**What you should do:**
For this exercise, copy exactly the lines below from the one with "DIY o neck clothes" through the one with "Tork Xpress Folded" and leave out the pictures.

-------- Provided records --------

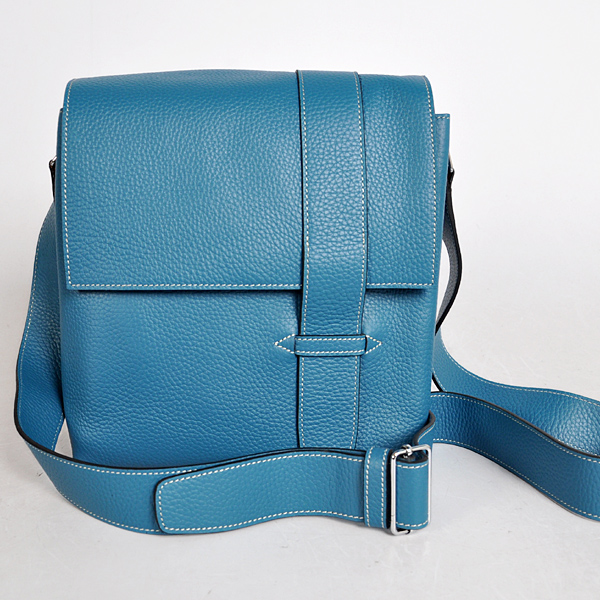 Hermes Alfred Bag clemence leather in Medium Blue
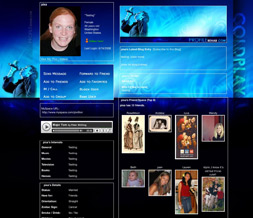 Blue Cold Play Myspace Layout - Coldplay Theme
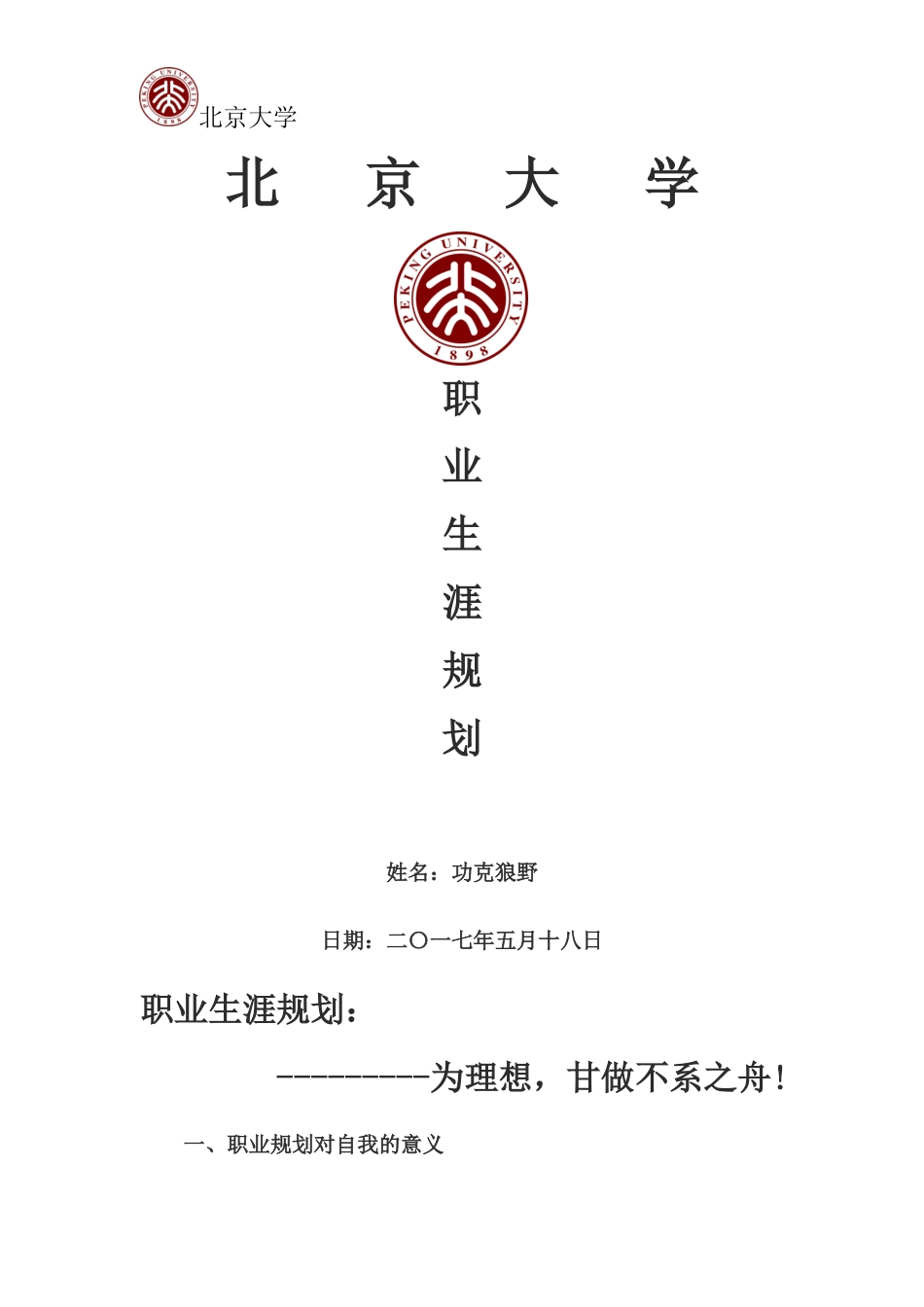 2025年大学生规划：北京大学职业生涯规划书.docx_第1页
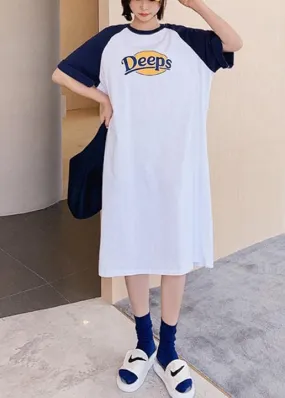 DIY o neck clothes For Women white Letter Robe Dress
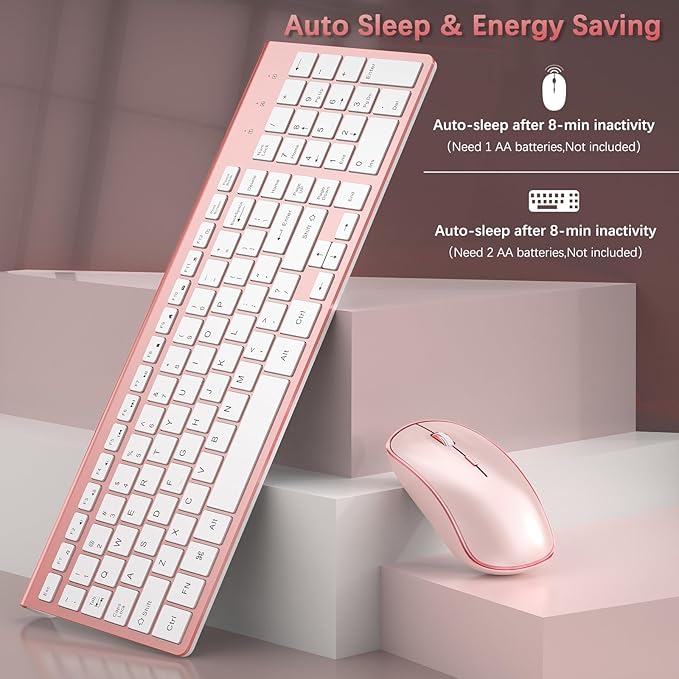 Wireless Keyboard and Mouse,2.4G Full Size and Portable Wireless Keyboard with Numeric Keyboard or Computer/Desktop/Laptop/Windows 10/8/7 -Pink-DeskLoop Office
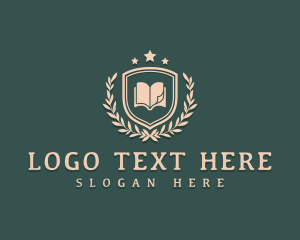 Shield - School Library Book logo design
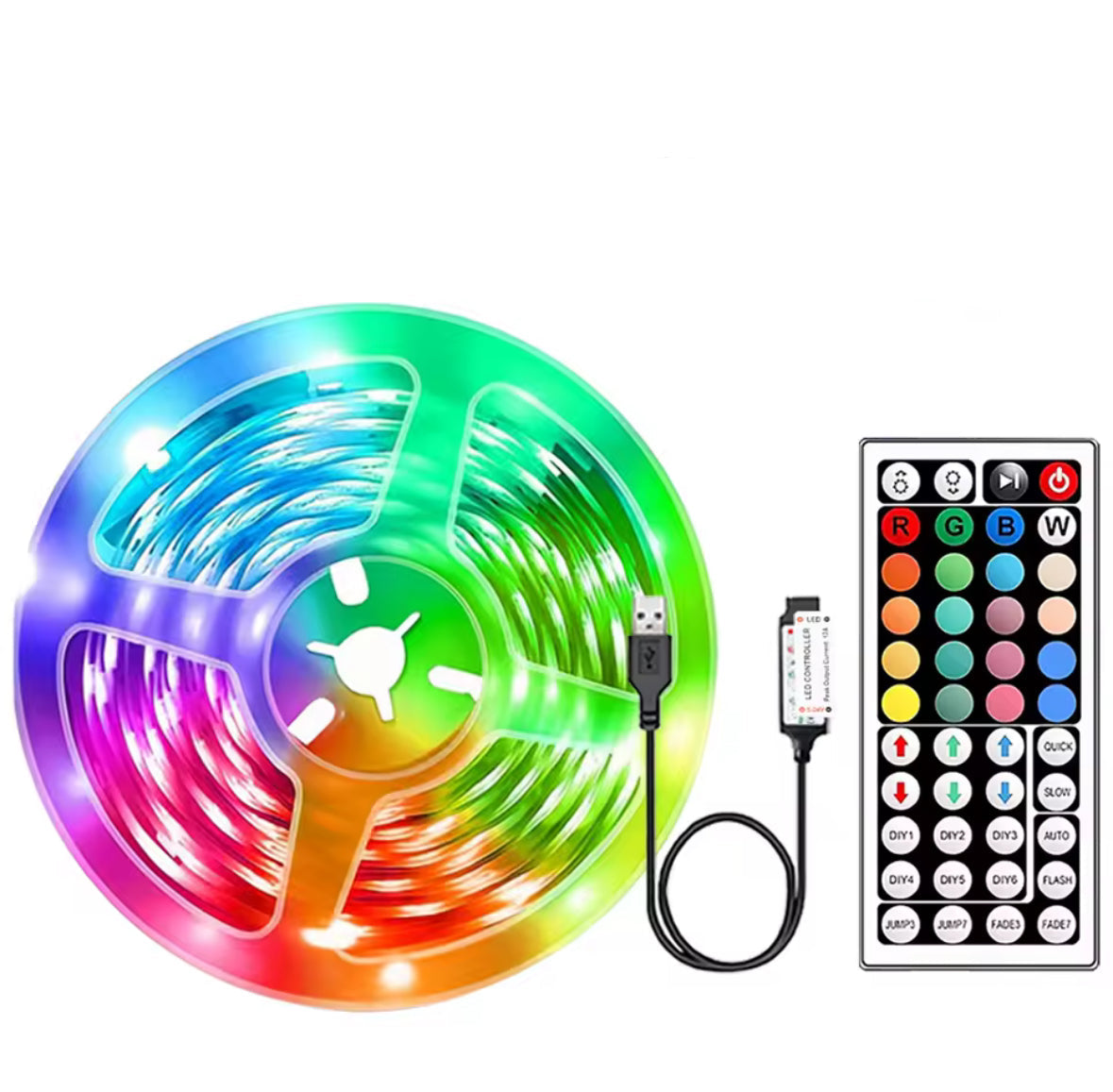 RGB LED-Streifen mit App-Steuerung & Fernbedienung | USB, flexibel & kürzbar | Indirekte Beleuchtung für TV, Bett, Regal & Gaming-Zimmer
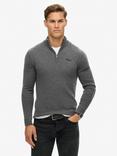 Superdry Essential Embroidered Knitted 1/2 Zip Jumper, Gull Grey Marl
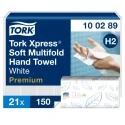 Tork Xpress Folded Paper Towel, 255 x 212 Unfolded mm, 85 x 212 Folded mm, 2-Ply, 150 Sheets 100289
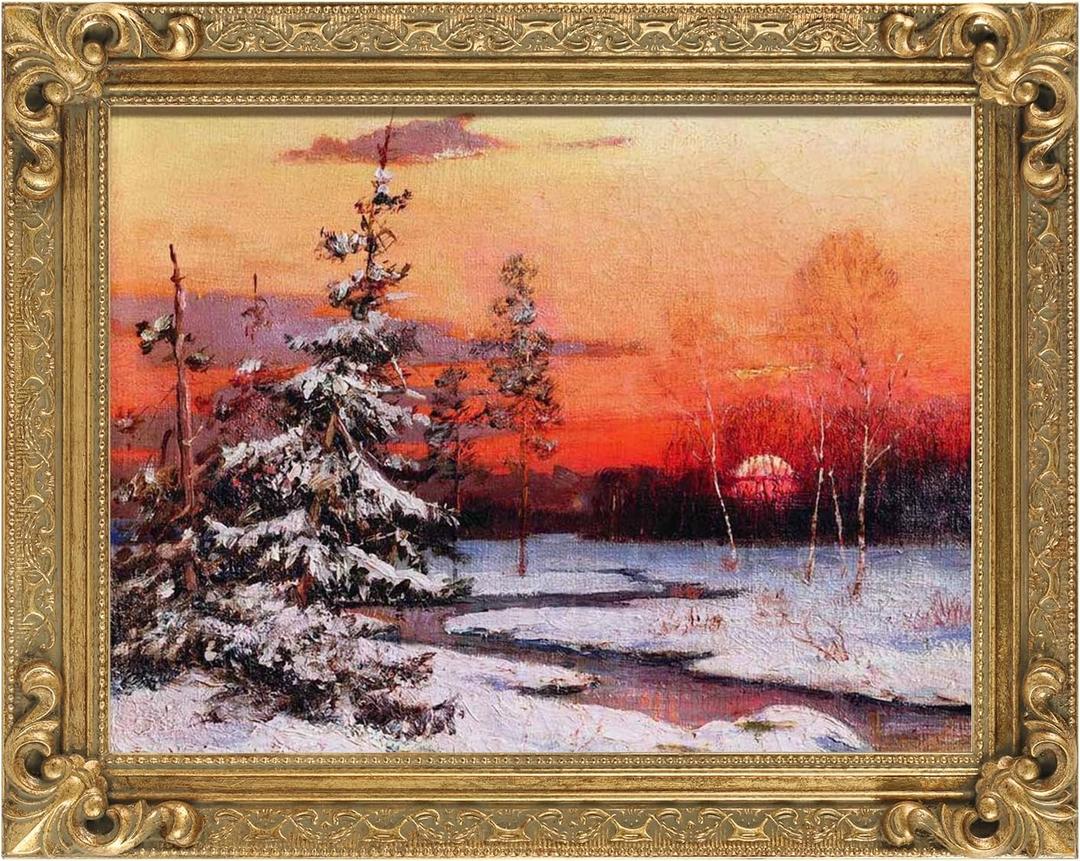 Wood Canvas Frame for 12x16 Oil Paintings, Finished 12x16 Gold Ornate Frame for Wall Art Prints, Luxury Vintage Painting Frame for Home Office Decor, No Back & Cover (Gold)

--------

**Reply to the exercise:**
 DIY o neck clothes For Women white Letter Robe Dress
 Wireless Keyboard and Mouse,2.4G Full Size and Portable Wireless Keyboard with Numeric Keyboard or Computer/Desktop/Laptop/Windows 10/8/7 -Pink-DeskLoop Office
 Shield - School Library Book logo design
 RGB LED-Streifen mit App-Steuerung & Fernbedienung | USB, flexibel & kürzbar | Indirekte Beleuchtung für TV, Bett, Regal & Gaming-Zimmer
 Superdry Essential Embroidered Knitted 1/2 Zip Jumper, Gull Grey Marl
 Tork Xpress Folded Paper Towel, 255 x 212 Unfolded mm, 85 x 212 Folded mm, 2-Ply, 150 Sheets 100289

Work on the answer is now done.